Formed in 2002, the IESF includes member firms from North and South America, Europe, Asia Pacific, the Middle East and Africa. The group operates 80 local offices in 22 countries.
“Identifying and onboarding senior management hires for overseas operations – particularly in emerging economies such as China and India – are delicate and deliberate projects,” said ASLON’s Tim Smith, who helped organize the conference.
Character Impacts the Bottom Line
CEOs in attendance, each from U.S.-based manufacturers with production operations in overseas locations, suggested that in order to understand the character, chemistry and cultural sensitivity of finalist candidates, the most effective interview processes often include extra time spent in social situations, including with spouses, and moving beyond results-oriented topics in interviews in order to identify the character-driven motivations and methods by which the candidates’ successful track records were achieved.
“There is a clear consensus that character impacts the bottom line,” Mr.

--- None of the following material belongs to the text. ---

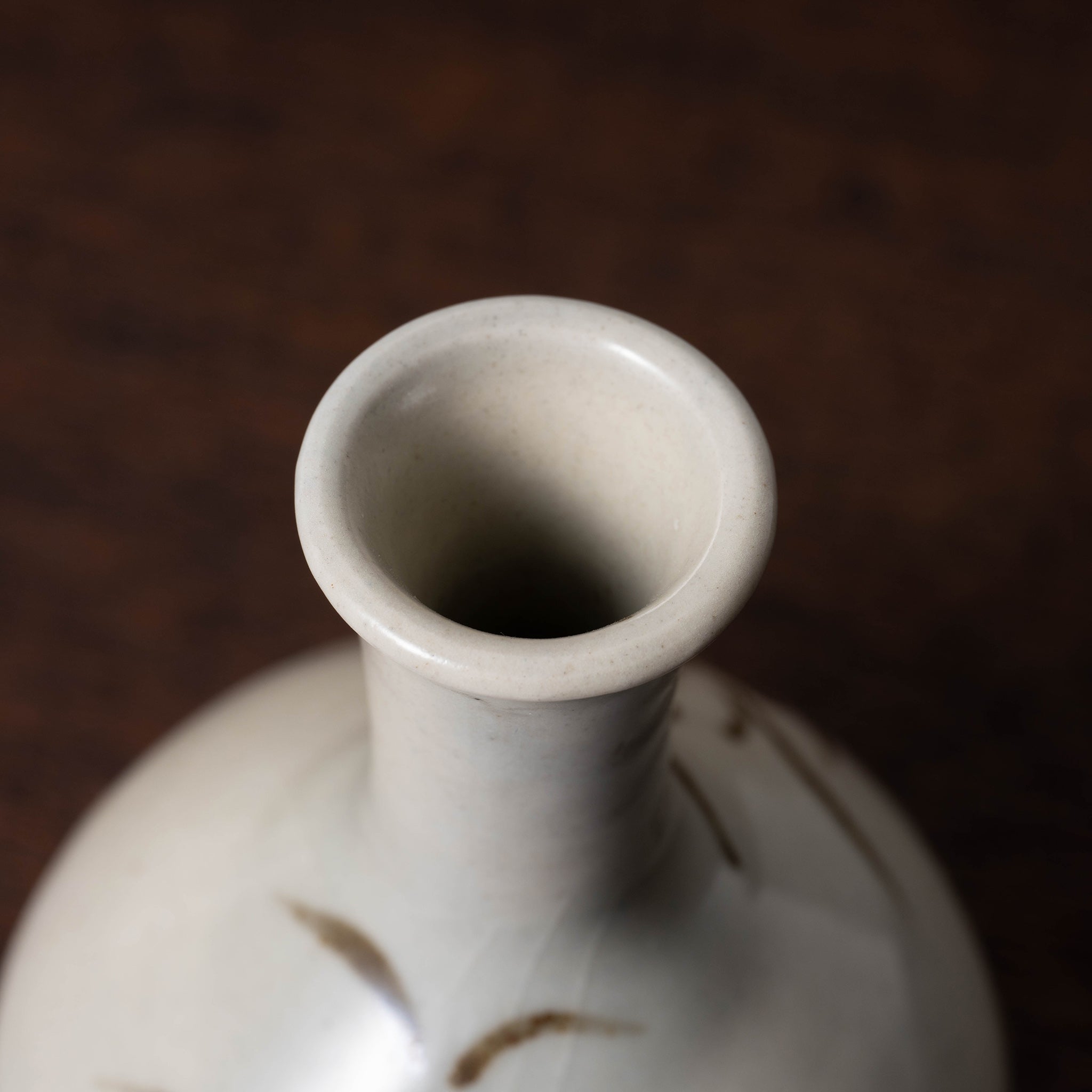 李朝 分院手白磁鉄絵草花文瓶 – 燦禾 SANKA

Smith said. “And a hiring misstep can become a major set-back for a company and impact productivity, PR and employee morale.”
“Our successful overseas placements have had one major aspect in common — adaptability,” said Normand Lebeau of Mandrake, Montreal. “Adaptability is found in communication skills, leadership style, and personality traits.” The most basic element of adaptability is mastery of the local language, he said, “and a willingness to understand country norms and values and blend those over time with the culture and goals of the parent company.” It’s a significant challenge, he noted, requiring a unique set of interpersonal and management skills.
“One should not underestimate the importance of the life partner in the adaptability equation,” he added. “A high degree of willingness to adapt is an important quality for the spouse and family in successful and sustained placements,” said Mr. Lebeau.
The Value of Authenticity
“Character is authenticity,” he said. “No leader is effective if he or she is not considered authentic. The effective leader will inspire people to follow him or her and that leader must understand the culture of the organization in order to be effective. Any leader, no matter how good they think they are, will not get to first base if they are perceived as not authentic or lacking character.”
Mark Geary, of Asianet Consultants in Hong Kong, indicated that Western, Chinese and Indian companies all now seem to have similar requirements for talent acquisition. “Their customer bases and manufacturing operations are international and they are therefore seeking candidates who have acquired international experience, can multi-task and have the necessary sensitivities to operate in multicultural environments.”
Vivek Ahuja of Confiar Global in India noted that the qualities of leaders are universal and global. “Having said that, when international companies hire in developing countries they have much at risk. Huge investments have to be protected, and return on investments have to be ensured.” Therefore, dynamic leaders with strong integrity, character, technical skills, proven track record and maturity are required.
“Both China and India have become major players on the international scene in two ways,” said Mr. Geary. “First, major companies from the U.S. and Europe are establishing R & D as well as manufacturing operations in China and India. At the same time, large indigenous companies now operate in global markets either in their own name or by acquisition, i.e. Tata, Infosys, Reliance, Lenovo, ICBC, Huawei, Alibaba and Tsingtao. Both China and India have populations in excess of one billion, making them geographically and culturally diverse in themselves.”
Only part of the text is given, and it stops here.